Region’s retail sector expected to remain resilient
The region’s retail sector will continue to show “remarkable resilience” despite sluggish prospects in many developed markets and a slowing Chinese economy, according to a report yesterday. The report noted that the combined retail sales in retail powerhouses Singapore, Indonesia, Malaysia and Thailand are expected to grow from US$650 billion (S$874 billion) last year to US$1 trillion in 2018, at a rate of 15.5 per cent annually. The four countries together made up 76 per cent of the US$2.45 trillion Asean economy last year.
MMP Resources plans to buy Hokkaido ski operator for S$1m
MMP Resources, formerly known as Sino Construction, is planning to acquire Hokkaido ski operator JRT Trading for 80 million yen (S$1.05 million) in cash. On top of that, it will repay over two years a 37.5 million yen loan that JRT Trading owes. The group said on Monday that it has entered into a non-binding heads of agreement with the vendor, Clayton Anthony Kernaghan, on the deal.
CapitaLand Commercial Trust
CapitaLand Commercial Trust unit CCT MTN has issued $75 million worth of notes at a fixed rate of 2.77 per cent that will mature in 2022. The proceeds from the notes, which are assigned an A- rating by Standard & Poor’s, will be used to refinance an existing borrowing under a bank loan facility due in 2020.
Tiong Seng Holdings
Tiong Seng unit Tiong Seng Contractors has won a contract from the Ministry of Home Affairs to develop Selarang Park Complex in Upper Changi Road North. Tiong Seng did not disclose the size of the contract, saying only that it is not expected to have any material impact on the group’s net tangible assets and earnings per share for this financial year.
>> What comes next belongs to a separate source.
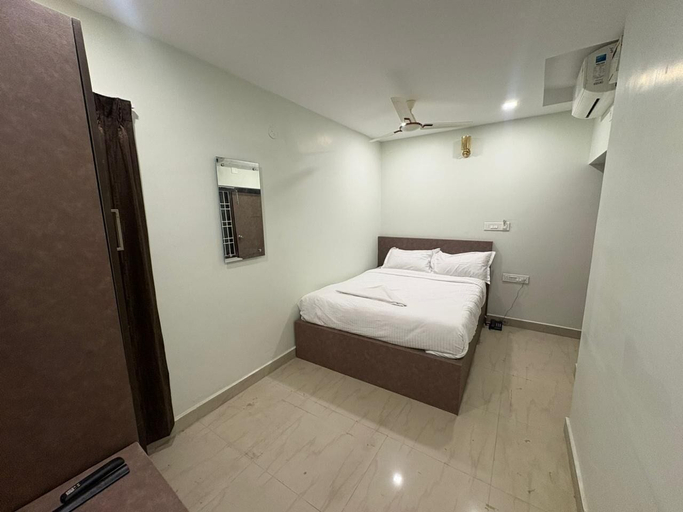 Room 3, Hotel Royal King, Chennai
Stanchart private equity arm buys stake in Phoon Huat
Standard Chartered Private Equity (SCPE) has bought a stake in home- grown company Phoon Huat, the latest in a recent string of mergers and acquisitions across Asia. SCPE yesterday said it has invested “a significant stake” in Phoon Huat, which is a wholesale supplier of baking ingredients and is well-known for the Red Man brand of products. It operates 13 stores across Singapore. The deal is said to value Phoon Huat at $150 million to $200 million, an anonymous source told Bloomberg, adding that SCPE plans to eventually acquire full control.
Views, Reviews & Forum
Analysts see further boost to S-Reits amid Brexit fallout
More upside may be in store for Singapore real estate investment trusts (S-Reits), which have risen 5.7 per cent since last Thursday’s UK referendum. Brokerages such as Religare and RHB expect them to continue to do well over the course of the long drawn-out post-Brexit process, as federal fund rates are expected to stay low this year. Religare lowered its risk-free rates by 40 basis points (bps) on Monday, and upgraded its view on the sector to a “buy”, with Aims Amp Capital Industrial Reit, Mapletree Logistics Trust and Starhill Global Reit as its top picks.
Parking fee hike after big jump in running costs
The rising cost of operating public carparks here would have spelt big shortfalls for the Housing Board and the Urban Redevelopment Authority (URA), if parking fees had not been hiked. Since 2002, when the rates were last raised, the cost of operating carparks has risen 40 per cent, the two agencies told The Straits Times. Without the latest rate hike, HDB stood to lose $100 million a year. This was despite the two agencies earning a total of $667 million from their carparks in their latest financials for 2014/2015.